Le propre de l’humain, c’est la pensée charnelle. L’éthique de la sexualité passe par la symbolisation de la procréation. Il faut penser la procréation comme une économie du don. Création et pas fabrication. Traiter la différence des sexes non par l’égalité, c’est-à-dire la disparition des femmes, la confusion des genres, la neutralité, mais par la parité, c’est-à-dire la symbolisation de cette différence, la génitalité, l’accomplissement de chaque sexe. Si la procréation fait « obstacle » à l’égalité, une fois intégrée, elle met en évidence la parité. Il n’y a plus une seule libido, un seul sexe pour représenter l’humanité, mais deux. C’est ce partage à tous les niveaux qui permet d’aller vers une société hétérosexuée, mixte.
Il faut une libération des femmes pour l’ensemble de l’humanité, pour une humanisation accrue des hommes et des femmes.
N.M. — Vous aimez les peintures de Geneviève Asse, le travail d’Aurélie Nemours et de Catherine Lopes-Curval. Que voudriez-vous me dire sur ces artistes ?
A.F. — En 2002, j’ai proposé de faire entrer leurs œuvres à Beaubourg, de faire ainsi entrer, contemporaines, trois artistes, dans ce musée pour le XXIe siècle. Trois générations de peintres femmes qui ont choisi la géométrie simple, la surface parfaite, la stabilité dynamique du carré. Œuvre d’art, œuvre d’être. Aurélie Nemours est née au début du siècle. Avec force, je dirais presque avec acharnement, elle a travaillé la matière élémentaire, le réel du spectre, pour hausser jusqu’au noir la couleur absolue. Geneviève Asse est à la fois une femme d’action et une ascète. Après avoir participé à la libération de l’Europe avec les armées alliées à la fin de la Seconde Guerre mondiale, elle a inventé ce bleu unique, qui porte son nom et sublime le plus banal des supports. Catherine Lopes-Curval est née dans la seconde moitié du XXe siècle. La Mise aux carreaux I, c’est une course aux trésors des signifiants, c’est une balade dans la mémoire planétaire de l’artiste, et, même geste, cent arrêts sur images aux écrans de nos rêves. Explosion fixe de la beauté.[4]
Ce qui m’intéresse dans la peinture des femmes, figurative ou non, c’est ce que j’ai appelé à propos de Françoise Gilot, lors de son exposition Anamorphoses, en 1986, à la Galerie Des femmes, « la prégnance du regard »[5], le regard matriciel, qui déplace et abolit la représentation, l’énergie intime, la lenteur, la vibration, l’effusion, la violence rythmique de la délivrance.
[1] « Manifeste des 343 femmes » et non pas « salopes », comme certain-e-s se plaisent à le dire aujourd’hui.

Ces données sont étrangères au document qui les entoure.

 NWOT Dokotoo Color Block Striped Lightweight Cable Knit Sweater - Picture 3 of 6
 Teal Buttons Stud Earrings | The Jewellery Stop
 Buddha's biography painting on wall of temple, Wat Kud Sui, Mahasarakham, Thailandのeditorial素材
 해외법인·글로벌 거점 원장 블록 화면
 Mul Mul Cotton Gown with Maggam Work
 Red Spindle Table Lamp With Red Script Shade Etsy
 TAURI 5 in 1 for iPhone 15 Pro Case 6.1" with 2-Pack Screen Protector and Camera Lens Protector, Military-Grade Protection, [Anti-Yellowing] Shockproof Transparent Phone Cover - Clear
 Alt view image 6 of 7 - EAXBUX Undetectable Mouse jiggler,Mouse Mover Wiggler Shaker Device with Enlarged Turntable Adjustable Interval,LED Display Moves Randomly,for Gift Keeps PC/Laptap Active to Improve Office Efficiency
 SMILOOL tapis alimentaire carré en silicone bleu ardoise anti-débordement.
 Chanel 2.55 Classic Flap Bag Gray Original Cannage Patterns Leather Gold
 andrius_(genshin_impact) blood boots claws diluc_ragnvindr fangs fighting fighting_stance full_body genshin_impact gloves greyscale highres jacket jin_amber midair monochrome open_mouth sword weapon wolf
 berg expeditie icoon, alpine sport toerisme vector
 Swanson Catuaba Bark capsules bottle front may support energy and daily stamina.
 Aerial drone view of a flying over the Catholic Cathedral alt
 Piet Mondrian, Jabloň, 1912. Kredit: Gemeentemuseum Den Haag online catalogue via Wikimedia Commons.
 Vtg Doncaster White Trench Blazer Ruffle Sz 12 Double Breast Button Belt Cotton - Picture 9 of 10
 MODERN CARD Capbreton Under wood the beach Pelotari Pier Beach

[2] Voir Pas de deux, p.37.
[3] Blandine Grosjean, dans un article de Libération (29 avril 2003), «Liberté, activité, maternité », a relevé que ce modèle spécifique français d’indépendance pour les femmes était mon orientation pour le MLF, et qu’il était « envié » par les femmes européennes.
[4] La Culture pour vivre, éditions du Centre Pompidou, Paris, septembre 2002.
[5] Cf. « Françoise Gilot… ou la prégnance du regard », p. 133.